Friday, July 22, 2016

PreCalculus in 2016-2017

In the earlier parts of the summer vacation there was a bit of discussion on Twitter about the topics typically covered in precalculus. For our course, use the 8th edition PreCalculus textbook by Demana, Waits, Foley, and Kennedy.  You can find a list of the topics by chapter here.  This may seem rambling, stick with me.  

The first semester of our course covers chapters 1 through 3.  This primarily means we discuss the analysis of various types of functions including linear, quadratic, cubic & other polynomials, rationals, logarithms and exponentials.  In our study, we talk about the basic concepts related to these functions: domain, range, continuity, extrema, symmetry, intercepts, etc and then examine how these change (or don't change) when various transformations are applied.  These chapters also include some great opportunities for applications of the functions including vertical free fall problems and finance problems.  
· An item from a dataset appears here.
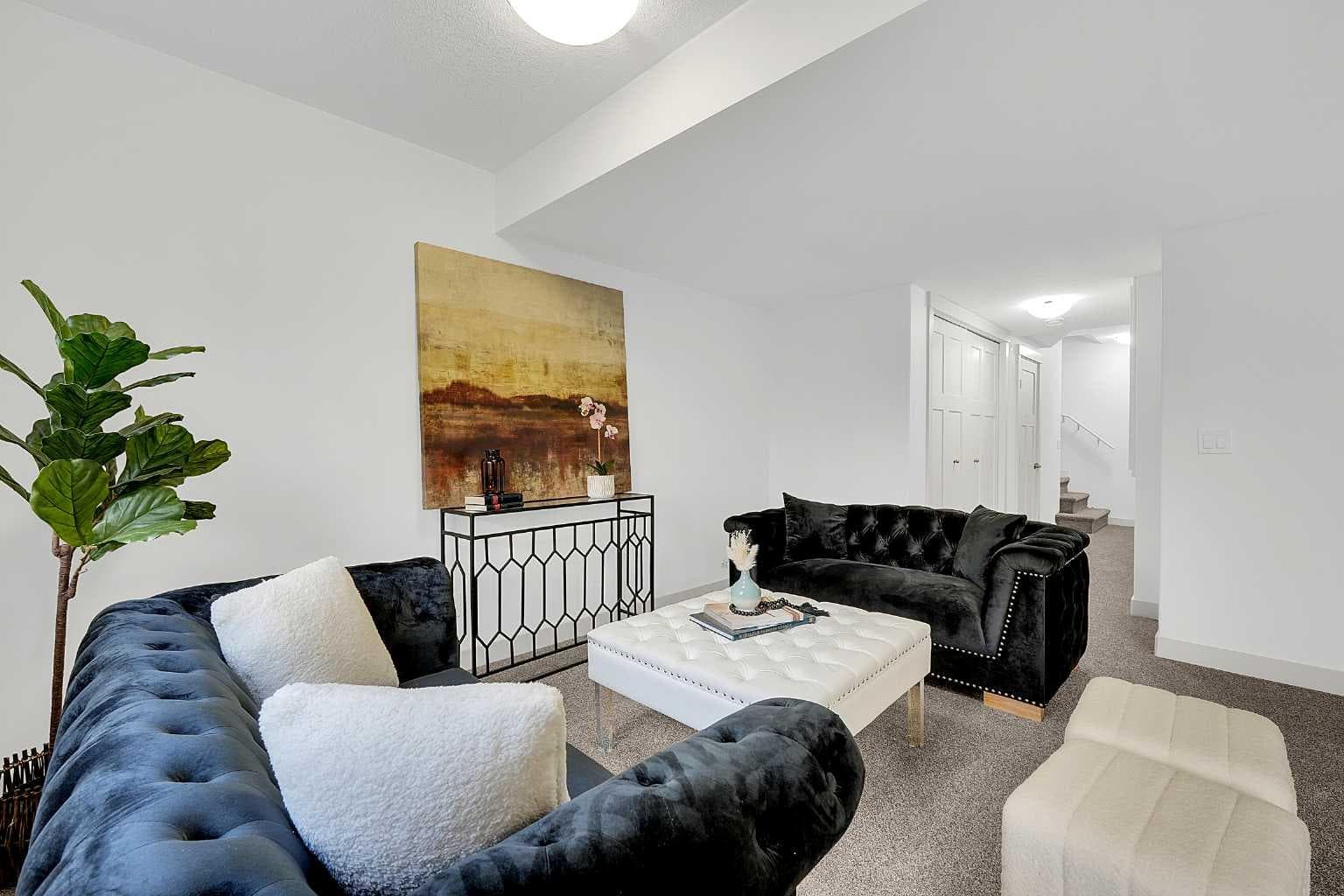 570 Evanston Manor NW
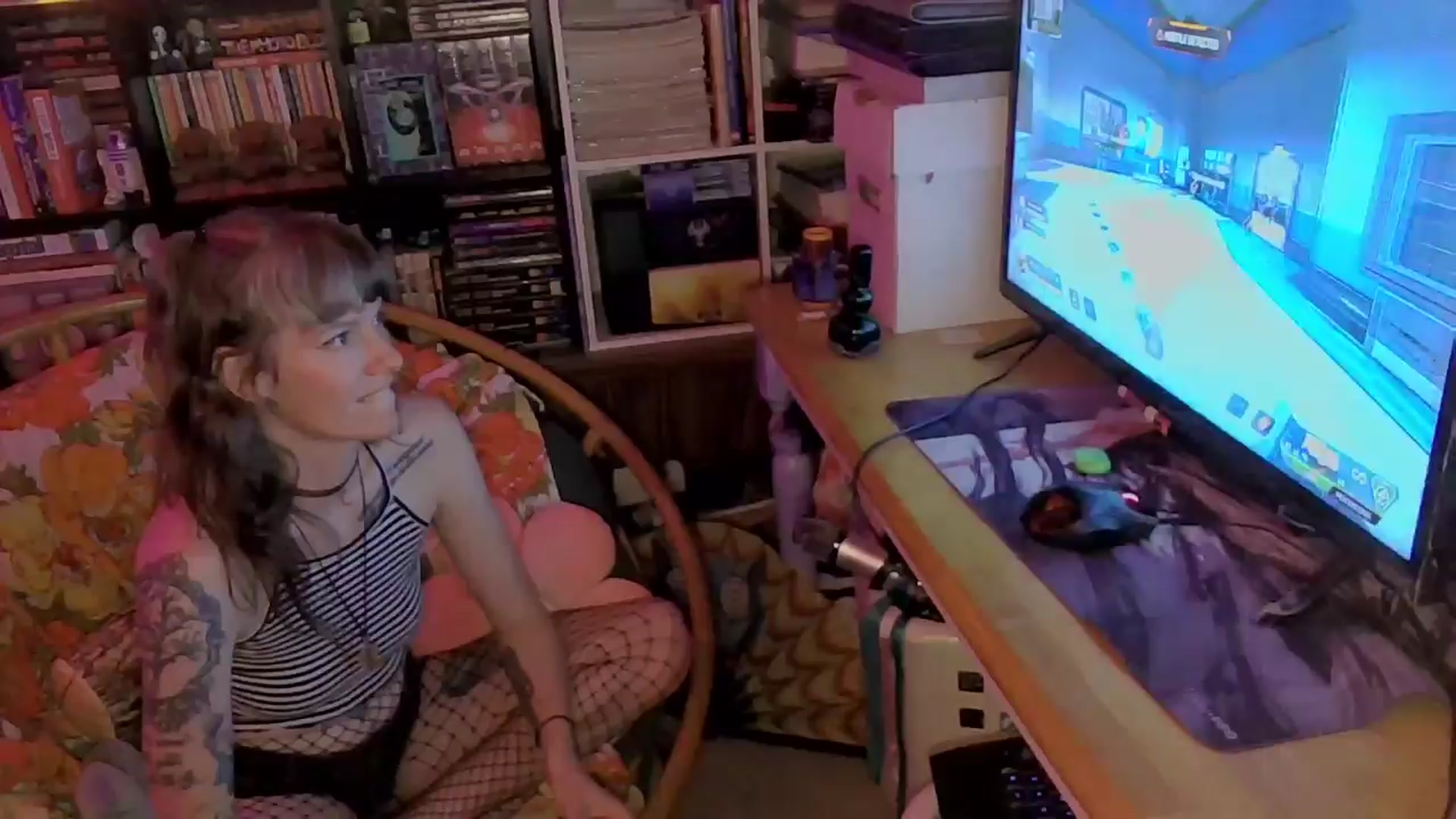 Gallery image thumbnail from CdrTroi's myfreecams stream on, 04/05/2024, 07:29 image 14 of 20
Our study of trigonometry begins upon finishing chapter 3.  This past year that fell about 2 weeks before Christmas break.  Typically we cover the functions, their inverses and the associated identities most of the second semester.  This means our year typically ends at the end of chapter 5.

Goal for this year...
Our algebra 2 teacher did an AMAZING job last year of digging more deeply into functions.  I expect this will speed our study this year.  My goal for the upcoming year is to finish at least chapters 1-4 in first semester and start with trig identities in second semester. 

My questions...
Am I expecting too much to cover that much material in first semester?
Calculus teachers:  Should I follow the order of the book - Vectors (Ch 6), Matrices (Ch 7), Conics (Ch 8), etc - or are there certain chapters that I should DEFINITELY cover to best prepare my students for calculus?

1 comment:

  1. For Calculus, if you can cover chapter 6 through an introduction to polar coordinates, then Sequences and Series your students will be able to destroy the AP exam next year or will have many more examples in their heads if they take calculus in college.